If it weren’t for Dawkins, I doubt atheists would, today, be enjoying the books and blogs of those who followed in his wake, including this blog.
As we castigate Dawkins for his flaws, we should equally acknowledge his contribution.
Dawkins has recently published the first instalment of his autobiography, An Appetite for Wonder: The Making of a Scientist.
It’s probably no surprise that the book’s reception has been mixed. Criticised for its ‘indulgent superiority’, it’s also been described as ‘warm and generous’. It’s very possible – given Dawkins is a somewhat complex chap – the book displays a bit of both.
You don’t have to be a fan of Dawkins-the-man to acknowledge and respect the importance of Dawkins-the-writer-and-scientist. And I’m excited about getting more of an insight into what shaped Dawkins – for good and for bad.

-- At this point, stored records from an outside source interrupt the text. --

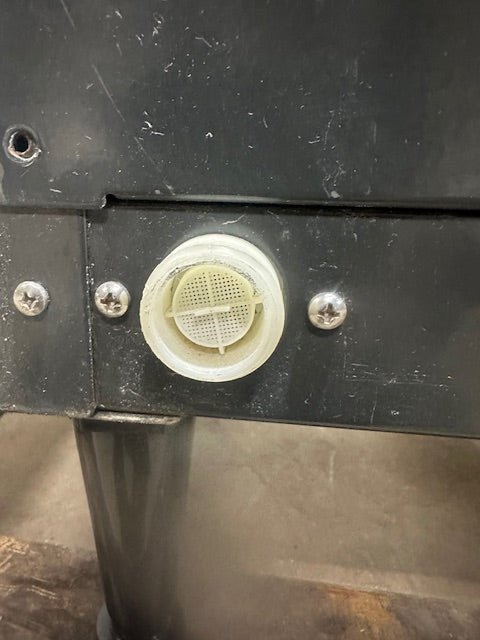 "NESTLE V - CAFE" COMMERCIAL COFFEE/COLD BEVERAGES DISPENSER ON LEGS, 110 - 230V - Second Life - Equipment - collection_name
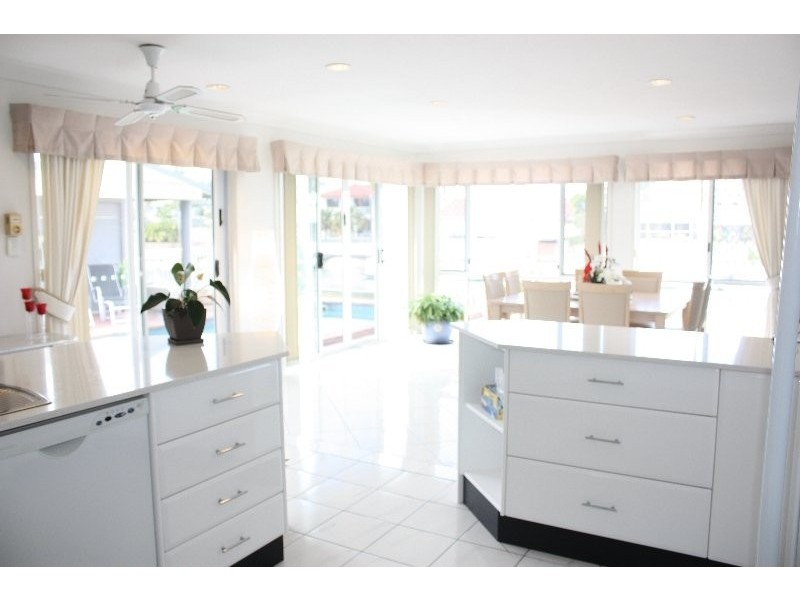 9 Seabreeze Street, Paradise Point QLD 4216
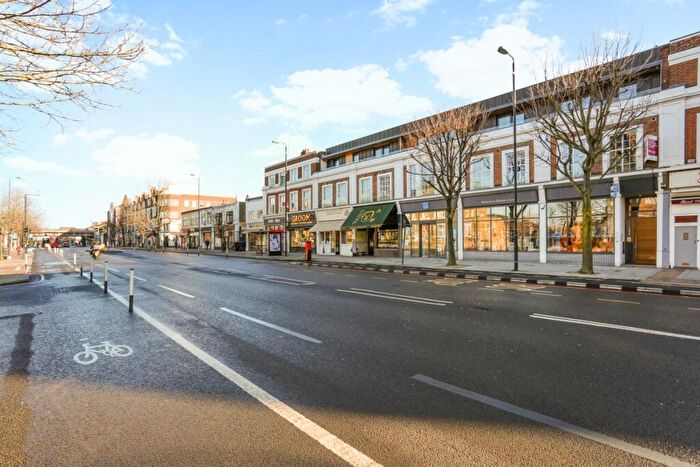 4 Bedroom Maisonette To Rent In Balham High Road London, SW12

That’s why, when I heard the Atheist Foundation of Australia was hosting a series of interviews between Richard Dawkins and my friend, bio-ethicist, Leslie Cannold, I happily stumped up the money for a ticket. I should disclose that, subsequently, the AFA generously offered to provide me with a complimentary ticket. There were ‘no strings attached’, but I thought I should write about Dawkins’ forthcoming Australian tour and respond to those who sniffed rather grandly when I mentioned I was going that they ‘didn’t like the man’. I hope this post makes it evident that this is no ‘paid political announcement’.
Whatever one thinks of him, Dawkins is an important scientist and an infuential public intellectual. I don’t have to like him to want to hear what he has to say, and I can think of no-one better to interview him than the fabulously smart and savvy Leslie Cannold.
I’ll be going to hear Dawkins speak in Brisbane on 1 December and I’m sure I’ll come away with some new insights on science, religion and on Dawkins himself. Like him or not, Dawkins is a historic and iconic figure in the global atheist movement and we owe a debt of gratitude to the AFA for bringing us speakers and thinkers of this calbre.
I think his tour deserves our support.